OpenAI Releases ChatGPT o1 Reasoning Model

Generative AI

September 13, 2024 |

Rokas Jurkėnas

OpenAI just launched the ChatGPT o1 reasoning model. It can help users solve complex math, and programming problems faster. We will discuss its main functions and what makes it different.

How is the ChatGPT o1 preview model any different?

The ChatGPT o1-preview model is designed to solve more complex problems by spending more time reasoning through tasks, making it better suited for challenging domains such as science, coding, and math.

It is a significant advance over previous models such as GPT-4o, as evidenced by its much higher performance on tasks such as the International Mathematical Olympiad and coding competitions. However, it lacks some features such as browsing and file uploading that GPT-4o provides.

It also has a new security framework that greatly improves its ability to comply with security policies compared to previous models.

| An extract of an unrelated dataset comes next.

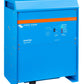 Victron Inverter 3000VA Side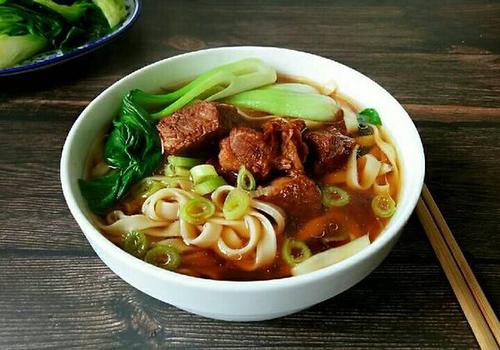 回味手指的味道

Although with this early model paid users will only get 30 messages per week to try out this model and in the future, we will probably see that it will not be quite cheap for users for daily work.

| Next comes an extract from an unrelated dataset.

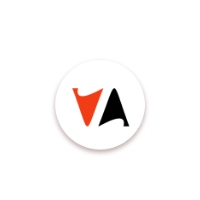 appZui Technologies Pvt. Ltd.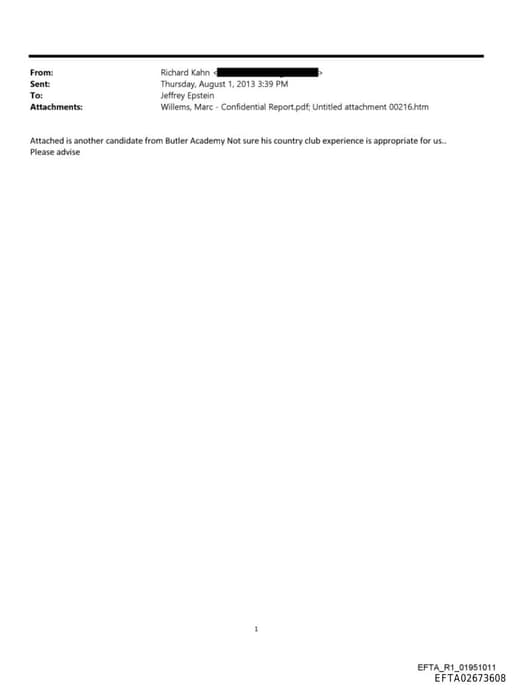 Preview of EFTA02673608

What benchmarks have ChatGPT-o1 excelled in?

Here are some more technical details for the technical AI users:

Programming Competitions (Codeforces): ChatGPT-01 ranked in the 89th percentile, demonstrating strong coding abilities in competitive programming scenarios, significantly outperforming previous models like GPT-4o.
Mathematical Competitions (AIME 2024): In the USA Mathematical Olympiad qualifier (AIME), it solved 74% of problems on average, ranking among the top 500 students in the U.S.
Science Problems (GPQA Diamond): The model exceeded human PhD-level accuracy in physics, biology, and chemistry questions, marking it as a leader in solving complex scientific problems.
MMLU Benchmark: It outperformed on 54 of 57 reasoning-heavy subcategories in the MMLU (Massive Multitask Language Understanding) benchmark, with improved accuracy over GPT-4o.

O1 New Model Can Finally Count How Many Rs Are In Strawberry

A funny point about the current models was that they could not do simple tasks like telling how many N letters are in the word banana or how many R letters are in the word strawberry, well it is not currently confirmed that this model can finally perform these tasks successfully.

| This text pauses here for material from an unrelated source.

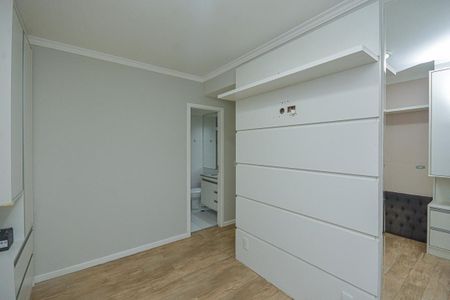Apartamento à venda com 67m², 2 quartos e 1 vaga Apartamento à venda com 67m², 2 quartos e 1 vagaQuarto 2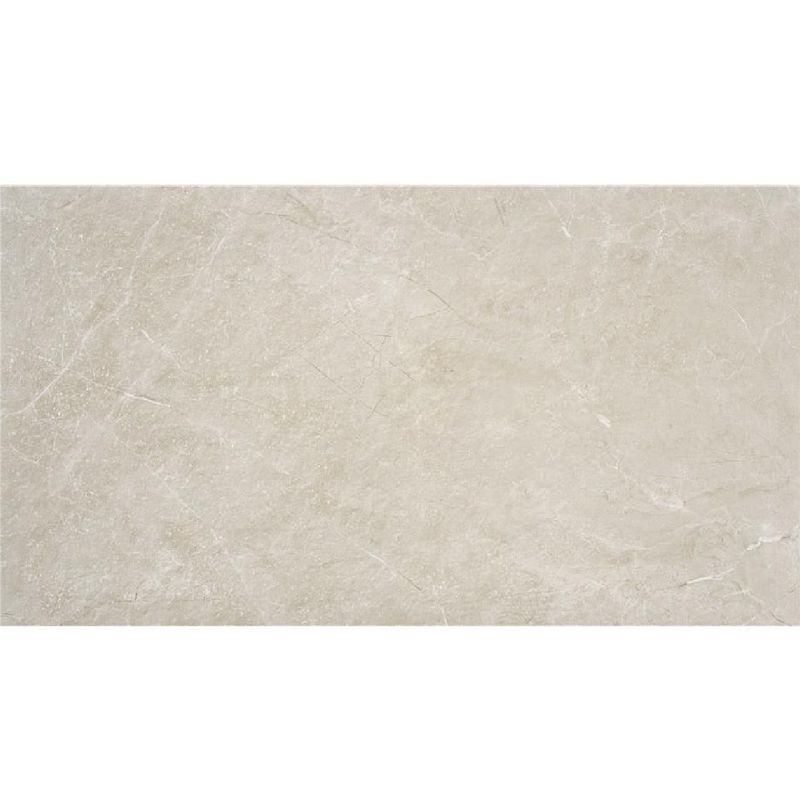 Alaplana Amalfi Beige Mate Rect. Slipstop 60x120 płytki kamienne gresowe 108094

The Future Of ChatGPT Models and What To Expect In The Next Update

OpenAI stated on social media that the idea is that these thinking models will take a few hours, days, or even weeks to come up with the best answer to a query. We will see how true that is in the future.

The model is still in preview, but the final version looks promising.

Final thoughts

The new OpenAI ChatGPT O1 model is all about solving complex problems. It can handle more advanced tasks like math, coding, and science more effectively. This update is especially impressive in competitive fields, with proven results in international math and coding competitions. On the other hand, it doesn’t have all the browsing and file-uploading features you’ll find in previous models.

The ChatGPT o1 model is great for tricky reasoning tasks. It shines in areas like physics, biology, and coding. It’s ranked pretty high in the benchmarks, and it’s outperforming some older models like GPT-4o. Even with these improvements, it’s still limited to 30 messages per week for early-access users.